BEGIN MATERIAL PROVIDED

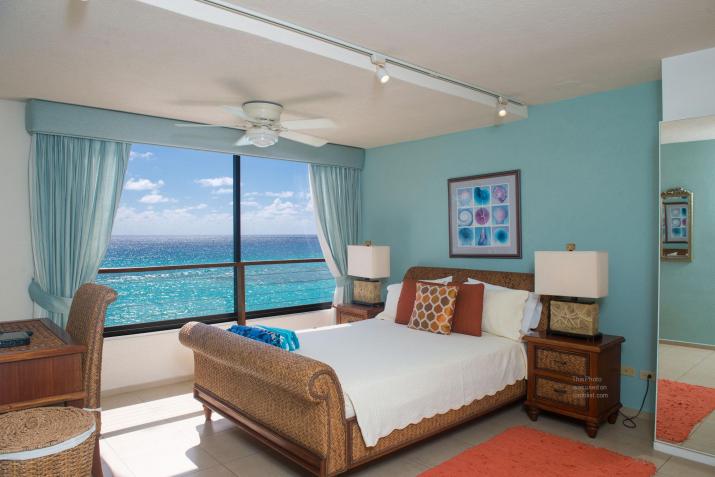 St. Lawrence Beach Condominiums, Christ Church, Barbados For Sale in Barbados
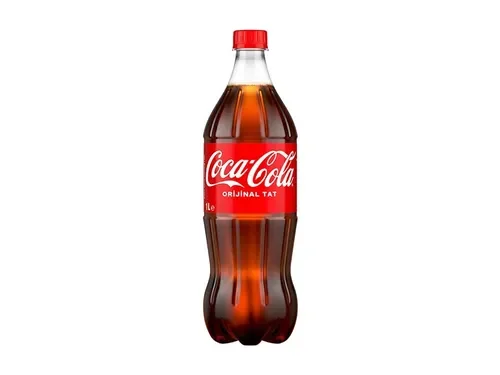 Coca Cola (1 L)
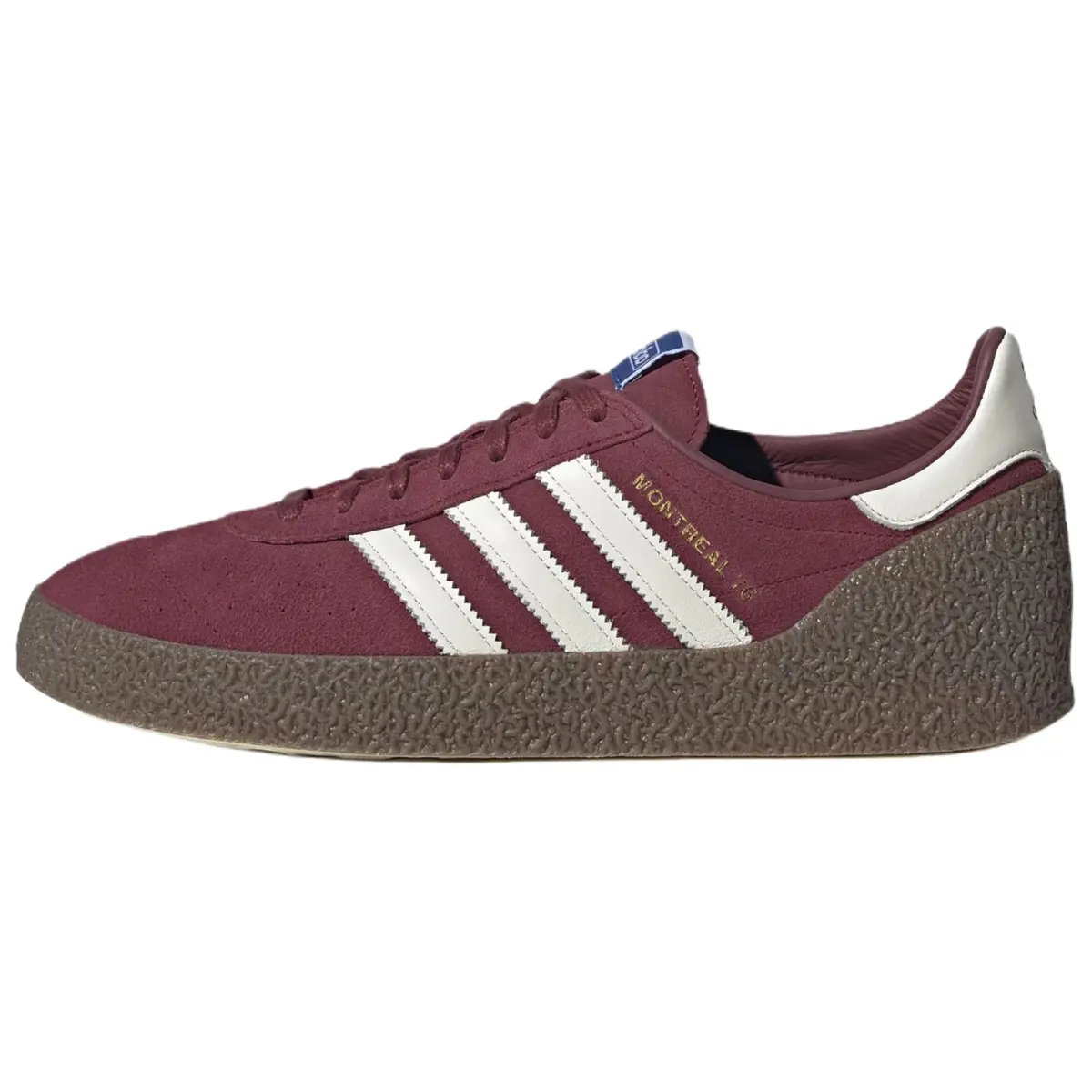 Adidas Originals Montreal 76 Slip Resistant Abrasion Resistant Slip Resistant Abrasion Resistant Low top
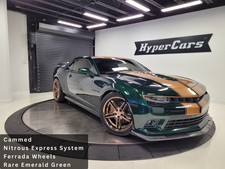 2015 chevrolet camaro for sale  New Albany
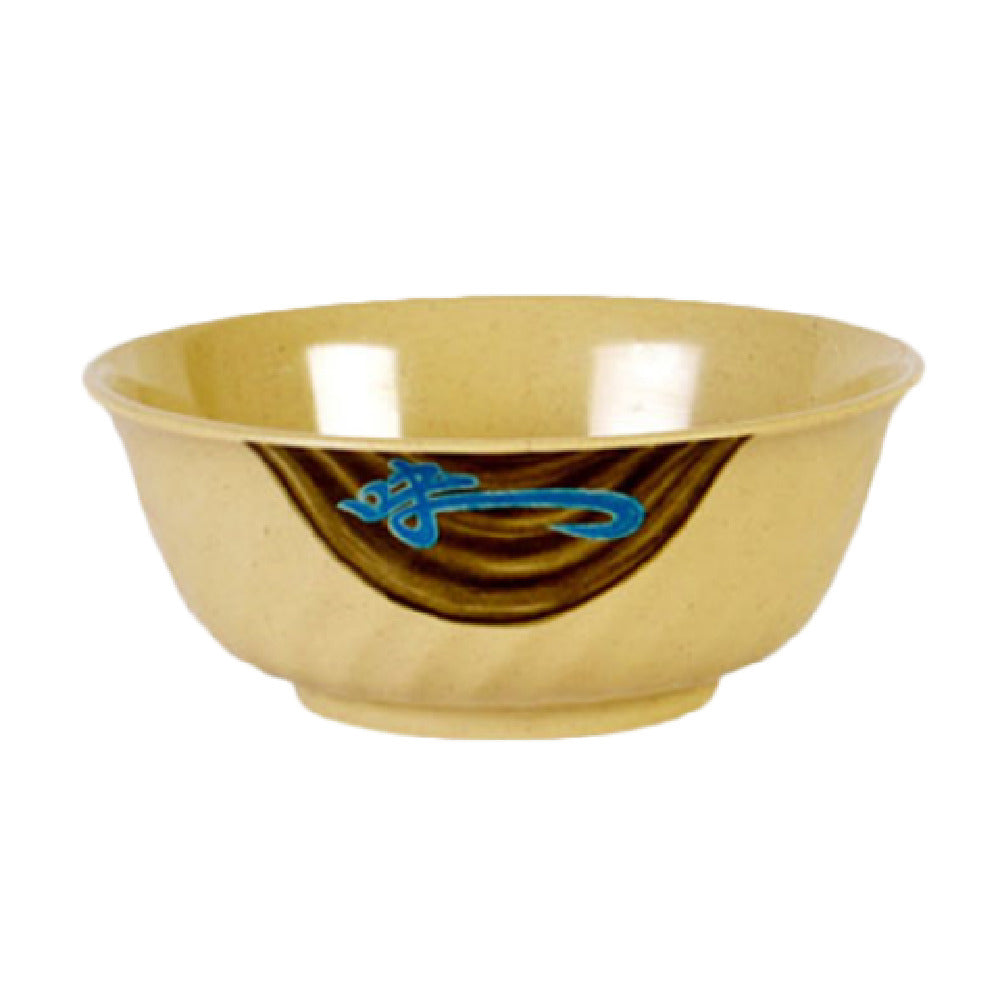 Thunder Group 5309J Bowl 72 Oz. 9" Dia.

END MATERIAL PROVIDED

An exact reproduction of the lines from the line containing "Coca Cola (1 L)" through the end of the listing above is needed; pictures stay out.

 Coca Cola (1 L)
 Adidas Originals Montreal 76 Slip Resistant Abrasion Resistant Slip Resistant Abrasion Resistant Low top
 2015 chevrolet camaro for sale  New Albany
 Thunder Group 5309J Bowl 72 Oz. 9" Dia.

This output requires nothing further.